HawkScan Test Info for Possible Broken Object-Level Authorization (BOLA)

Possible Broken Object-Level Authorization (BOLA)

Reference

Plugin Id: 422001 | CWE: 639

Remediation

To remediate Broken Object-Level Authorization (BOLA) vulnerabilities in your OpenAPI specification, consider the following steps:

  1. Implement Proper Access Controls: Utilize OpenAPI’s security definitions to enforce role-based or attribute-based access controls. For instance, define OAuth2 security scopes that map to different user roles and privileges. Apply these controls to each relevant endpoint to ensure that users can only access data objects for which they have authorization.

    securitySchemes:
      OAuth2:
        type: oauth2
        flows:
          password:
            tokenUrl: https://example.com/oauth/token
            scopes:
              user: Basic user actions
              admin: Admin actions
    paths:
      /data/{id}:
        get:
          security:
            - OAuth2: [user]
    
  2. Validate User Input: Implement robust input validation to prevent tampering with request parameters.
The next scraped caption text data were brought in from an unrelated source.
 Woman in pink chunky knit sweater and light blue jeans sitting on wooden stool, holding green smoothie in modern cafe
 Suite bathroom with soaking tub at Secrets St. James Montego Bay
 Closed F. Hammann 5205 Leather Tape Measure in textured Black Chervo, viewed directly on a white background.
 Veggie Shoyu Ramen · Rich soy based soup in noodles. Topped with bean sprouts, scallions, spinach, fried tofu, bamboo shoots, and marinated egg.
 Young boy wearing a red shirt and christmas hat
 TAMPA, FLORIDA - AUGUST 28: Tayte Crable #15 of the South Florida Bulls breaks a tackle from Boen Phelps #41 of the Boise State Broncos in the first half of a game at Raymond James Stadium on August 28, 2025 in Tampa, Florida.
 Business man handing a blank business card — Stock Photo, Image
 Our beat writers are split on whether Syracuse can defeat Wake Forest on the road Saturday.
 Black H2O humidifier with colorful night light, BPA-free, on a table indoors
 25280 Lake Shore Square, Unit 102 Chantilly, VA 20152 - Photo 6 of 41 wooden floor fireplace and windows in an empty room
Define strict parameter schemas in your OpenAPI specification to ensure that inputs conform to expected formats and values.

    parameters:
      - name: id
        in: path
        required: true
        schema:
          type: string
          pattern: '^[a-zA-Z0-9-]+$'
    
  3. Regularly Review and Update Access Controls: Continuously monitor and review your API’s access controls. Update the OpenAPI specification to reflect changes in roles, permissions, and organizational policies, ensuring all access control policies are current and effective.

About

Object-level authorization controls access to specific data objects like database records or files. Broken Object-Level Authorization (BOLA) occurs when flaws in these controls allow unauthorized access to or manipulation of data objects.

Risks

Risks of BOLA include unauthorized access to sensitive data, data manipulation or deletion, and elevation of privileges. Addressing BOLA is crucial for maintaining data confidentiality, integrity, and system security.